▶ **AIM OF THE TASK**
Find the line containing "Áo Khoác Cardigan" in the listing below. Repeat it exactly, along with each following line up to and including the one containing "Picture of 5Pcs- 5mm".

▶ **EXERCISE MATERIAL**
============
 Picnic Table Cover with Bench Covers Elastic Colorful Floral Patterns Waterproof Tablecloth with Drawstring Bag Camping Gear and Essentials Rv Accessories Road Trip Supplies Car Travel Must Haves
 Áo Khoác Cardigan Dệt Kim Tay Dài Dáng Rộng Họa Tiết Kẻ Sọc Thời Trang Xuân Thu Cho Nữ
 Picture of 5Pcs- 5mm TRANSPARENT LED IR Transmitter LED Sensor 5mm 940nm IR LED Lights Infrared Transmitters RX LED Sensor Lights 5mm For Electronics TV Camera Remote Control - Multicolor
============
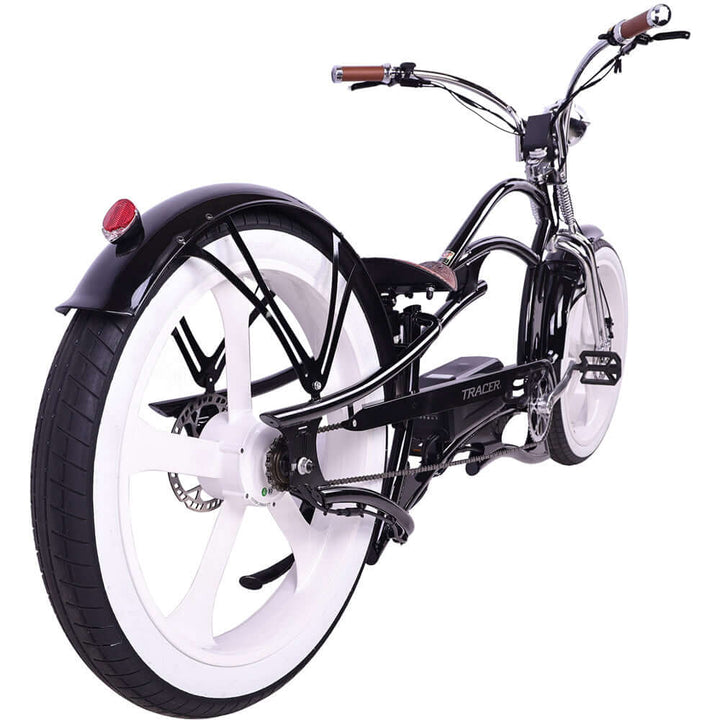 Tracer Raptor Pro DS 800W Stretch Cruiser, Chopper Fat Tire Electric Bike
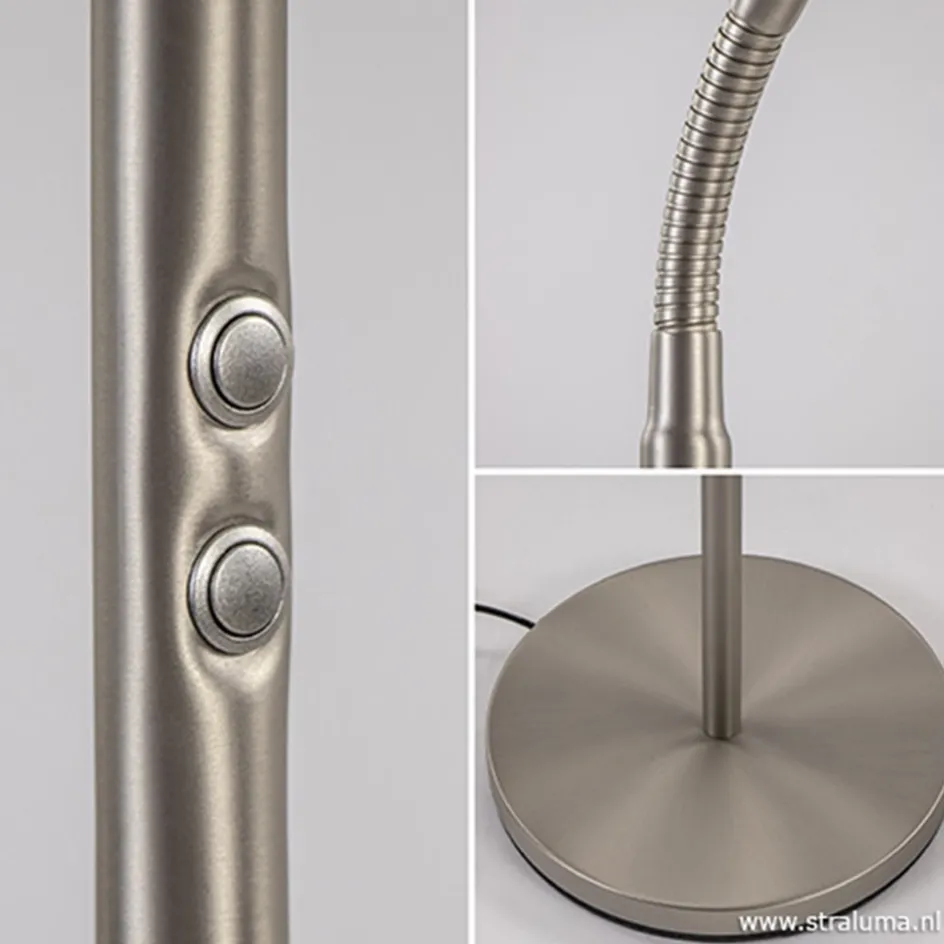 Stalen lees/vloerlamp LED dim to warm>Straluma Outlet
============
▶ **SOLUTION TO THE EXERCISE**
 Áo Khoác Cardigan Dệt Kim Tay Dài Dáng Rộng Họa Tiết Kẻ Sọc Thời Trang Xuân Thu Cho Nữ
 Picture of 5Pcs- 5mm TRANSPARENT LED IR Transmitter LED Sensor 5mm 940nm IR LED Lights Infrared Transmitters RX LED Sensor Lights 5mm For Electronics TV Camera Remote Control - Multicolor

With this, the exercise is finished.